Data loading for the Apache Arrow format.
This package extends Vega's set of data format parsers to support the type "arrow"
in Vega version 5.0 and higher. It can load either Apache Arrow IPC binary data or pre-parsed tables from the @uwdata/flechette
or apache-arrow
libraries. Internally, this package bundles flechette to parse binary IPC data.
You can try the Arrow loader in our Observable notebook examples for both Vega and Vega-Lite.
To use this package in a web application, include the compiled vega-loader-arrow.min.js
JavaScript file as a script import on a web page.
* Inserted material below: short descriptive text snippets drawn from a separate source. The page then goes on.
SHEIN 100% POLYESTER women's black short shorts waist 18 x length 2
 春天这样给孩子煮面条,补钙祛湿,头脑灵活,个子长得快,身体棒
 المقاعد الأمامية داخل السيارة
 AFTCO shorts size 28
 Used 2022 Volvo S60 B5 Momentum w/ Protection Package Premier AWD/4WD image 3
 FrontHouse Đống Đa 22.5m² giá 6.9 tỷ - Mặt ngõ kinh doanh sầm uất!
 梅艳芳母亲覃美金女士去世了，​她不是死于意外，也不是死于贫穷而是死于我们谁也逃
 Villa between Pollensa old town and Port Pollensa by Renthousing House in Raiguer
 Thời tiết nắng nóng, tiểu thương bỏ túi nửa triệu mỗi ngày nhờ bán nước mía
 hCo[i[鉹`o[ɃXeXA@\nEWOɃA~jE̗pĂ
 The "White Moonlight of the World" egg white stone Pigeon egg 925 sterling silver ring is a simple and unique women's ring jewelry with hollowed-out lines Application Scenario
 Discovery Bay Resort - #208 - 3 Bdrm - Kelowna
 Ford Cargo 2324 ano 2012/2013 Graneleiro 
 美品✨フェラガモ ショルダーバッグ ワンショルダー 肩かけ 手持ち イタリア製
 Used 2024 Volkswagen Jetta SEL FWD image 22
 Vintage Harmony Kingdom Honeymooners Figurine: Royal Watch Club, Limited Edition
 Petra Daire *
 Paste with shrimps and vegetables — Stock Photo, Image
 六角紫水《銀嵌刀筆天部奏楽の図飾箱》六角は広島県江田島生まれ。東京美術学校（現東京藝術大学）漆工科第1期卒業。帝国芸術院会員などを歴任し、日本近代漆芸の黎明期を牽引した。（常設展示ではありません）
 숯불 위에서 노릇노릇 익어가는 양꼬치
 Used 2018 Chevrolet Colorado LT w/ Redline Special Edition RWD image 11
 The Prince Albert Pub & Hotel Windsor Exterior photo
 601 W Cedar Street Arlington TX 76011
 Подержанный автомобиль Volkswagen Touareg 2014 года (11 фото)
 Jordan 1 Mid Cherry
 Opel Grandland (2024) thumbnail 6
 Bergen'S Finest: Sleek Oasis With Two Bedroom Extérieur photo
Import the vega-loader-arrow package after Vega has been imported. For example, loading all libraries from a CDN:
<script src="https://cdn.jsdelivr.net/npm/vega"></script>
<script src="https://cdn.jsdelivr.net/npm/vega-loader-arrow"></script>
In the web browser case above, the Arrow data reader is automatically added to the vega.format
data format registry. If you are instead importing the vega-loader-arrow
package in node.js or for use in an application bundle, you will need to explicitly register the package:
const arrow = require('vega-loader-arrow');
const { formats } = require('vega');
// register arrow reader under type 'arrow'
formats('arrow', arrow);
Once vega-loader-arrow has been imported and registered, Vega specs can reference and load Arrow data like so:
{
"data": [
{
"name": "scrabble",
"format": {"type": "arrow"},
"url": "https://gist.githubusercontent.com/TheNeuralBit/64d8cc13050c9b5743281dcf66059de5/raw/c146baf28a8e78cfe982c6ab5015207c4cbd84e3/scrabble.arrow"
}
]
}
For more about the dataset above (concerning over 1.5M scrabble games!), see "Introduction to Apache Arrow" by Brian Hulette.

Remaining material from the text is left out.